On the other hand, other phenomena get yoked in, because they appear at the same time: glowing balls of light are associated with the appearance of some crop circles; Big Foot sightings do accompany UFO sightings; nor does it take a scholar of New Religious Movements to hear the “New Age fluff” in the preachings of Orthon, Semjase, and their ilk (ignoring for the present that Flying Saucers have always been imagined in the context of occult thought: Guy Ballard met the prototypes of Adamski’s Orthon in the 1930s, for example).
On the third hand, at least three researchers in three different fields (Jacques Vallee (Dimensions), Hilary Evans (Gods, Spirits, Cosmic Guardians: Encounters with Non-Human Beings), and Terry Matheson (Alien Abductions: Creating a Modern Phenomenon)) have noted parallels between UFO sightings, visions of angels and of the Blessed Virgin Mary, hauntings, shamanic initiation experiences, Near Death Experiences, alien abductions, Fairy abductions, and so on, which would seem to suggest a general theory of apparitions, not without its natural scientific, psychological, and sociological anchors.

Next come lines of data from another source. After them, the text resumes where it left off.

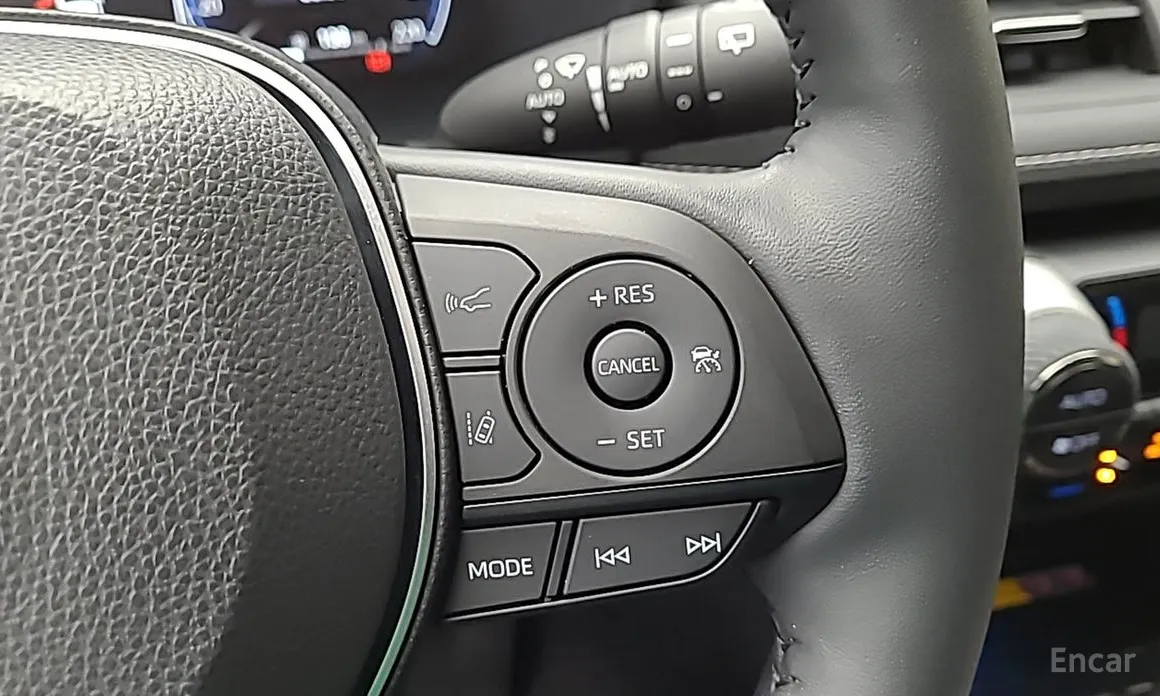 Фото 17 - Toyota RAV4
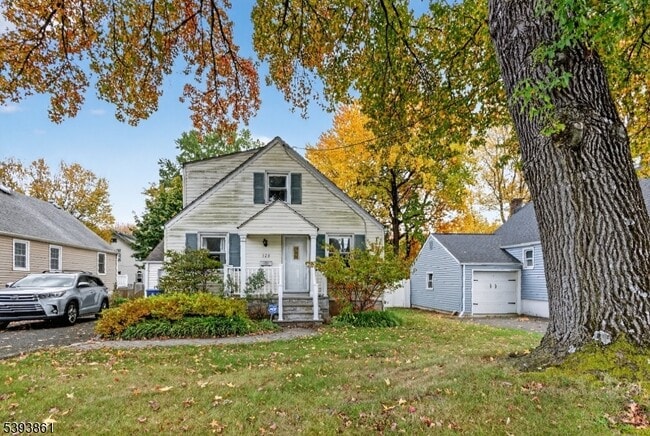 Building Photo - 128 South Ave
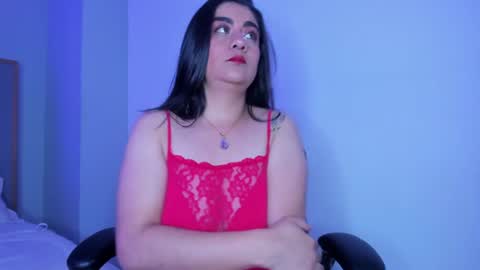 Snapshot of esmeralda_rose__ chatting on 06-17-26, 05:32 esmeralda_rose__ online show from 06-17-26, 05:32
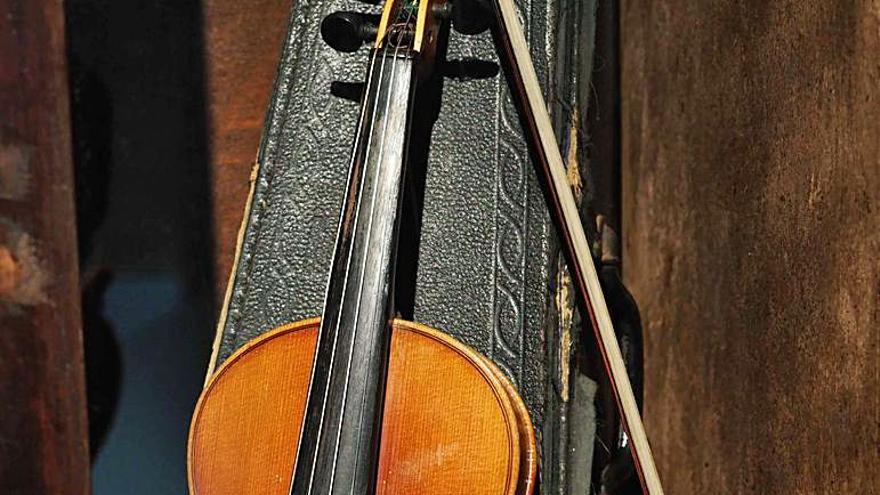 3 Un dels violins que el més conegut dels músics sense solfa utilitzava.  |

As usual, the UFO phenomenon (or not) illuminates, if not creates a vortex that whips together, all manner of material together, precisely in a way to frustrate our existing rational schemata and to suggest there is indeed more in Heaven and Hell than is dreamt of in our philosophies, natural and otherwise. It brings to mind the passage from Borges that so fascinated Foucault, who cites it at the beginning of his Preface to The Order of Things. (The original in English translation is found in “The Analytical Language of John Wilkins” in Borges’ Other Inquisitions).
These ambiguities, redundancies, and deficiencies recall those attributed by Dr. Franz Kuhn to a certain Chinese encyclopedia entitled Celestial Emporium of Benevolent Knowledge. On those remote pages it is written that animals are divided into (a) those that belong to the Emperor, (b) embalmed ones, (c) those that are trained, (d) suckling pigs, (e) mermaids, (f) fabulous ones, (g) stray dogs, (h) those that are included in this classification, (i) those that tremble as if they were mad, (j) innumerable ones, (k) those drawn with a very fine camel’s-hair brush, (l) others, (m) those that have just broken a flower vase, (n) those that resemble flies from a distance.